Manny Pacquiao has proved he punches above his weight in the political arena too, with the champion boxer set to take a Philippines Congress seat from the family that’s ruled their impoverished area of Mindanao for years.
Pacquiao’s celebrity status and wealth look likely to have helped him defeat Roy Chiongbian, the brother of the retiring congressman. Chiongbian describes his parents as “the father and mother” of Sarangani province, where average incomes are less than $1 a day. Pacquiao leads by a margin of more than 2-1, an early tally of results shows.
Pacquiao campaigned on a pledge to turn around the region’s economy, drawing on his rags-to-riches story as a champion of the poor to oust the incumbent. Mindanao, where the U.S. military is fighting a Muslim insurgency, was the scene of a massacre of 57 people last year in which a ruling clan was suspected to have attacked members of a rival family.

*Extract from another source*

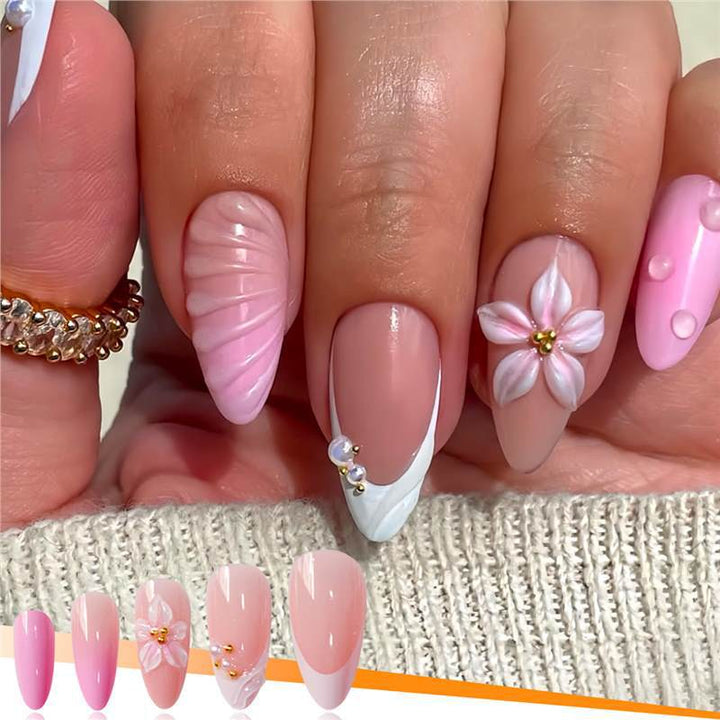Artistic 3D Floral Press-On Nail Kit Bowlift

Families like the Chiongbians “are the equivalent of the people who ruled over vast armies of serfs,” said Pacquiao’s promoter Bob Arum, who flew to the Philippines last week to help the campaign. They are “the reason why the Philippines, which should be economically, socially, one of the top, top countries in Asia is still a third-world country.”
Chongbians said in an April 28 interview that Pacquiao should stick to what he does best: “When he tried to be an actor, his movie flopped. When he tried to be a singer, that didn’t work.” He wasn’t available to comment today.

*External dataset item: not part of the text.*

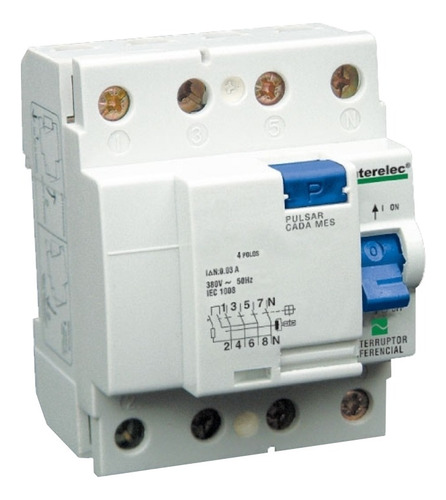 Disyuntor Diferencial Tetrapolar - 4x63 Amp - Interelec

Next up, Pacquiao is seeking to challenge Floyd Mayweather Jr. -- or another fighter if the U.S. boxer won’t agree on terms, Top Rank Inc.’s Arum, who served as a White House attorney before moving into boxing after John F. Kennedy’s assassination, said in a May 9 interview. Arum said he would start negotiations for a Pacquiao-Mayweather fight as early as this week when he returns to the U.S.
A fight between Pacquiao, 31, holder of the World Boxing Organization welterweight title, and undefeated American Mayweather would be among the sport’s biggest draws, pairing two fighters ranked as the top two pound-for-pound boxers by The Ring magazine. Talks for the bout collapsed earlier this year when the two sides couldn’t agree on drug-testing procedures.
Pacquiao grew up in poverty in General Santos City in the adjoining province of South Cotabato, where he lost a 2007 bid for a Congress seat. He stood on a platform of improving schools, hospitals and welfare in Sarangani.
“What the province needs is a sincere politician who wants to help and will help,” Pacquiao, 31, said in an April 26 interview.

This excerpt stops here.